Europe could play an important role in addressing international concerns about Iran’s missiles. However, this requires—first and foremost—distinguishing between the various aspects of Iran’s missile activities.
Concerns about Iran’s ballistic missile range could be significantly reduced if the E3 would acknowledge the existing 2000-km limit. Given that such concerns are closely linked with nuclear non-proliferation, Iran’s continued implementation of the JCPOA should also be factored in here. Although the codification of existing limits as part of a mutually beneficial agreement—such as the above-mentioned idea of space cooperation—seems unrealistic in the current political context, the idea might be worth exploring as a basis for future cooperation.
Regarding regional concerns, one must distinguish between missile testing and missile exports. As noted above, and despite recent and misleading references to ‘intensified testing’, Iran has exercised restraint in this respect during the past two years, particularly regarding medium-range missiles. Given that there is no definitive way to judge whether a missile is nuclear capable—let alone whether it was intentionally designed as such—missile testing is also not a clear breach of Resolution 2231, which does not prohibit conventional deterrence.
Missile transfers that violate UN Security Council resolutions and create anxiety in other Middle Eastern countries are more problematic from the perspective of both international law and regional security. While an international response is, therefore, warranted, it might end up doing little to change the situation.
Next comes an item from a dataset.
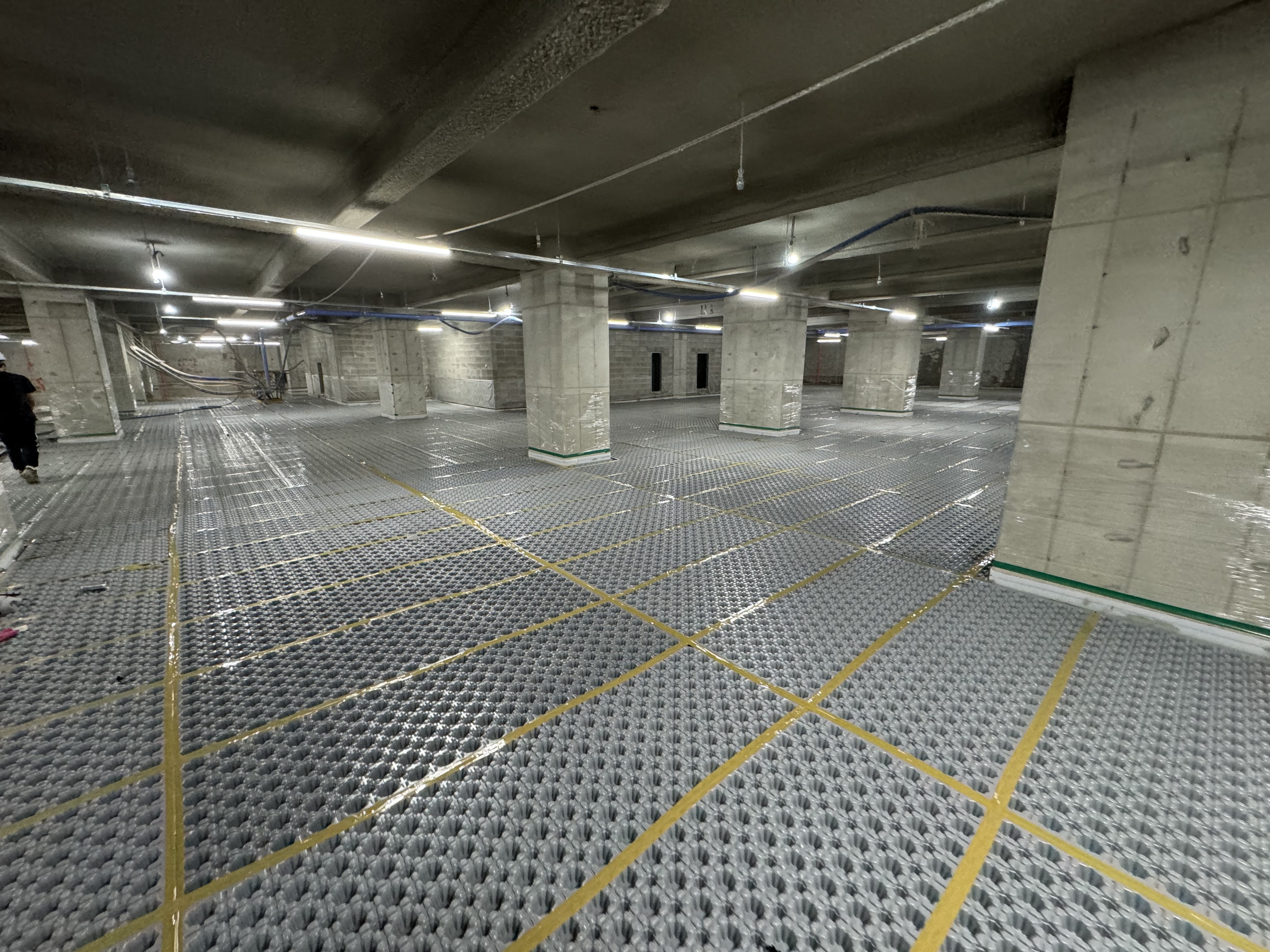 매트형 바닥 배수판 시공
If the E3 and other European countries wish to address the regional dimension of Iran’s missile activities, they might make a more tangible impact by promoting security dialogue among Middle Eastern countries. Europe—having experienced a historic transition from a state of war to one of cooperative security, as well as having diplomatic relations with all regional countries but Syria—would be in a good position to champion such a process.
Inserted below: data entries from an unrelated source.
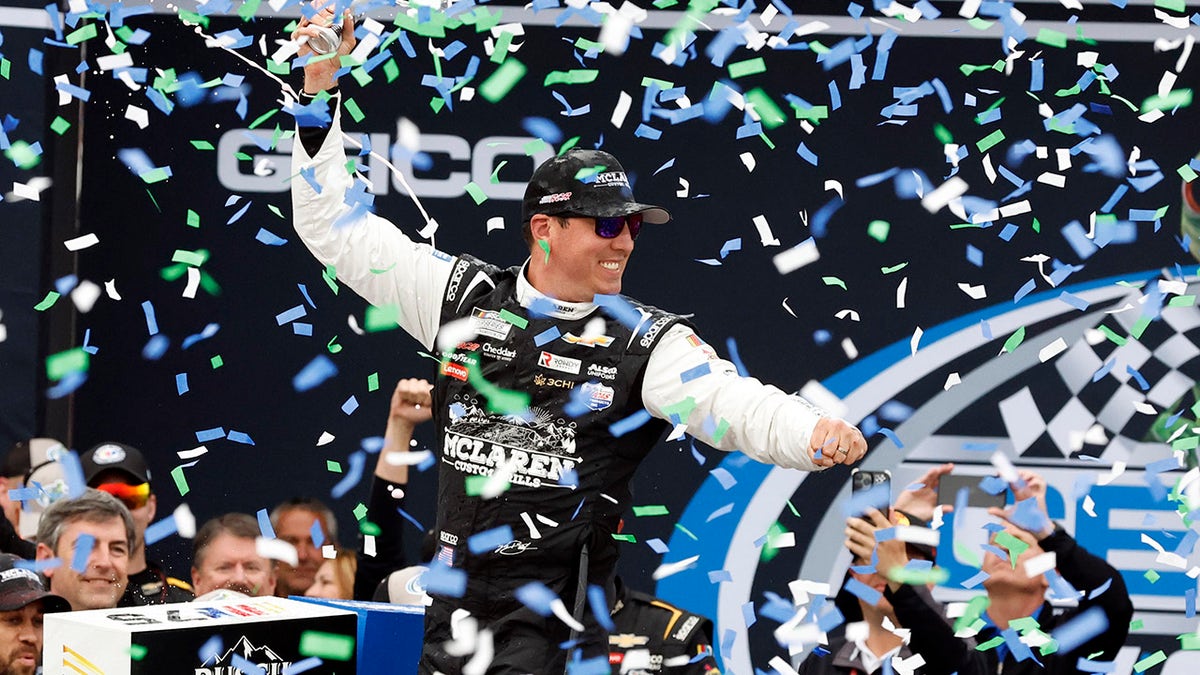 Kyle Busch celebrating in Victory Lane at Talladega Superspeedway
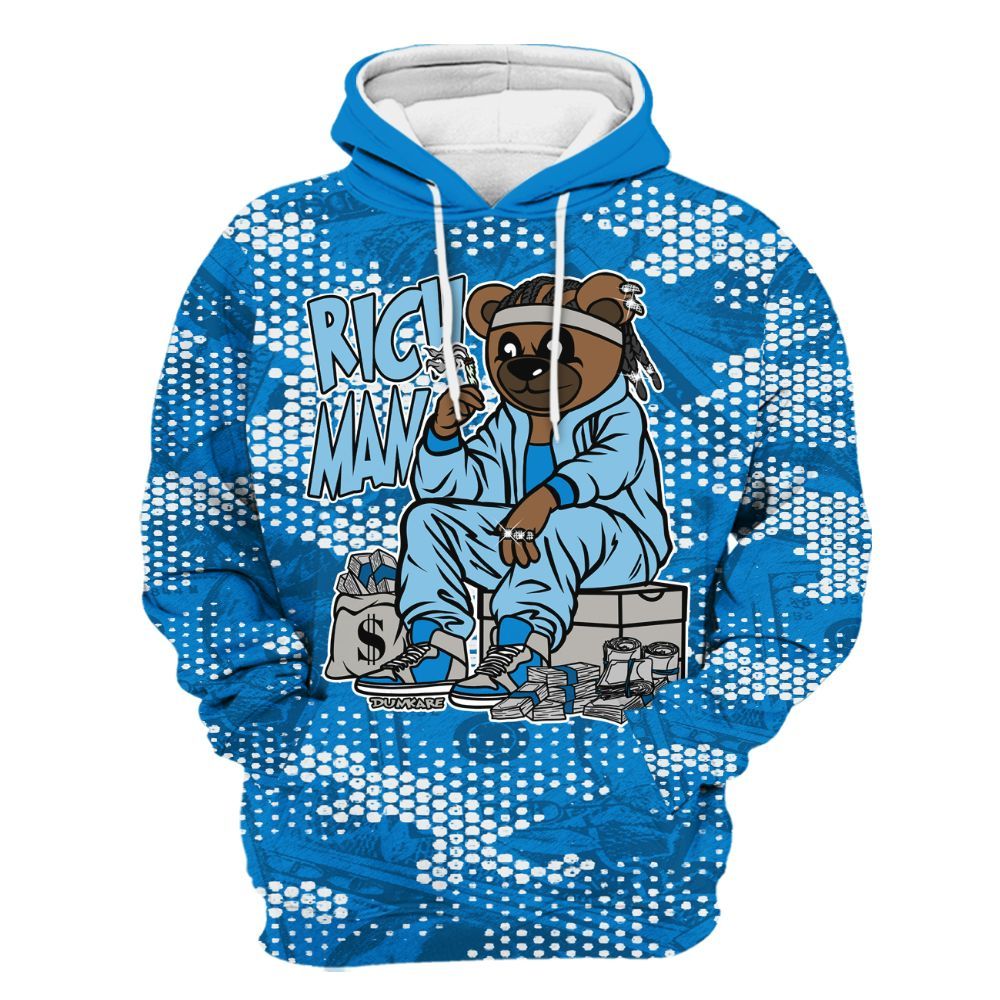 Hoodie To Match Industrial Blue 4s - Rich Man Bear Banknotes Art All Over Print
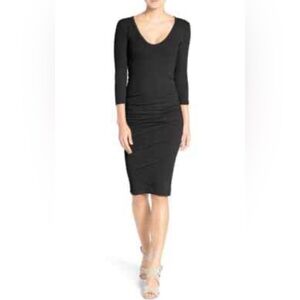 James Perse Black Scoop Neck Ruched Dress NWT Bodycon Minimalist Size 0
For starters, the EU could seek to engage other Middle Eastern countries in the dialogue it is reportedly having with Iran on regional issues and ballistic missiles. Instead of beginning with the sensitive issue of Iran’s missiles, the dialogue could start by exploring threat perceptions and potential confidence-building measures. This could eventually pave the way for discussions on regional conflicts, a shared code of conduct and, eventually, arms control—including not only Iran’s missiles, but also other military capabilities in the region. Although talking about missiles, missile defences and fighter aircraft might seem incongruent, these topics must be addressed together to pay equal attention to the security needs and concerns of all countries in the region.
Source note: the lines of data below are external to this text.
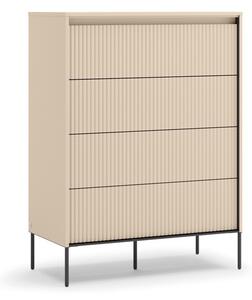Komód Lorfera 102, Közepes sűrűségű farostlemez, Laminált forgácslap, 125x93x47cm, Bézs, Fekete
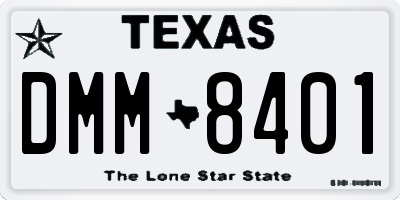 TX license plate DMM8401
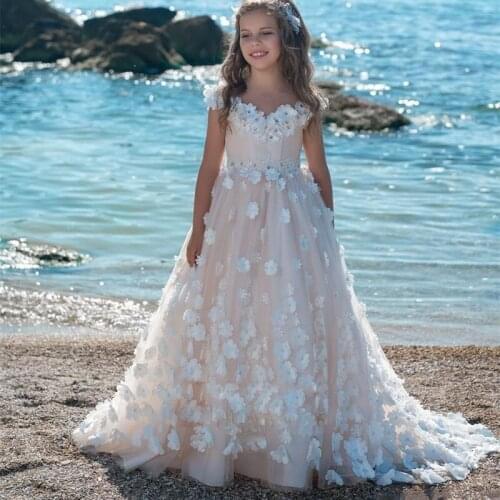Champagne Ivory Flower Girl Dresses 3 D Lace Applique Floral Flower Girl Dresses Pageant Dresses First Communion Dresses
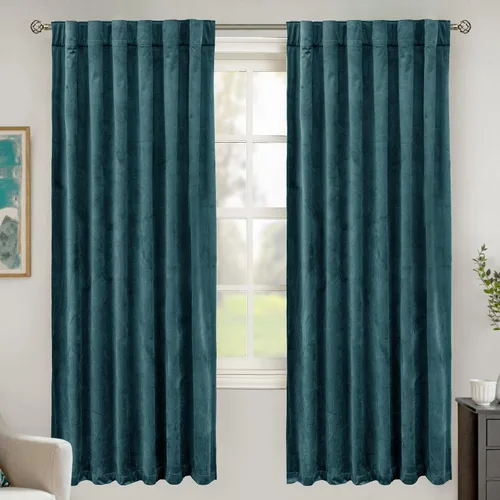 Miniatura 25 de BGment Cortinas de terciopelo rosa polvoriento, 2 paneles de 84 pulgadas, 2 paneles para sala de estar, aislamiento térmico de lujo, reducen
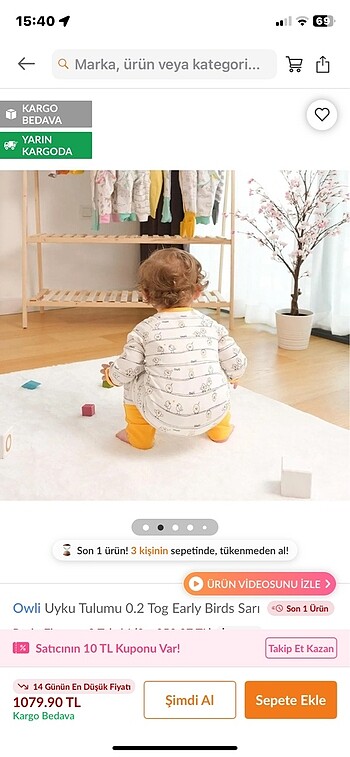 24-36 Ay Beden OWLİ Uyku tulumu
As the fate of the JCPOA demonstrates, the EU’s rather limited focus on non-proliferation in the Middle East is insufficient. Although the deal succeeded in addressing concerns about Iran’s nuclear program, it was weakened by regional threat perceptions regarding other aspects of Iran’s conduct. A punitive approach to Iran’s missile activities will not fix this problem. Instead, Europe could seek to create a more sustainable foundation for future arms control efforts by promoting a regional security mechanism in the Middle East. In addition to arms control, such an approach could promote peace and prevent conflicts, thus also serving European interest in addressing the root causes of war and refugee flows from the region.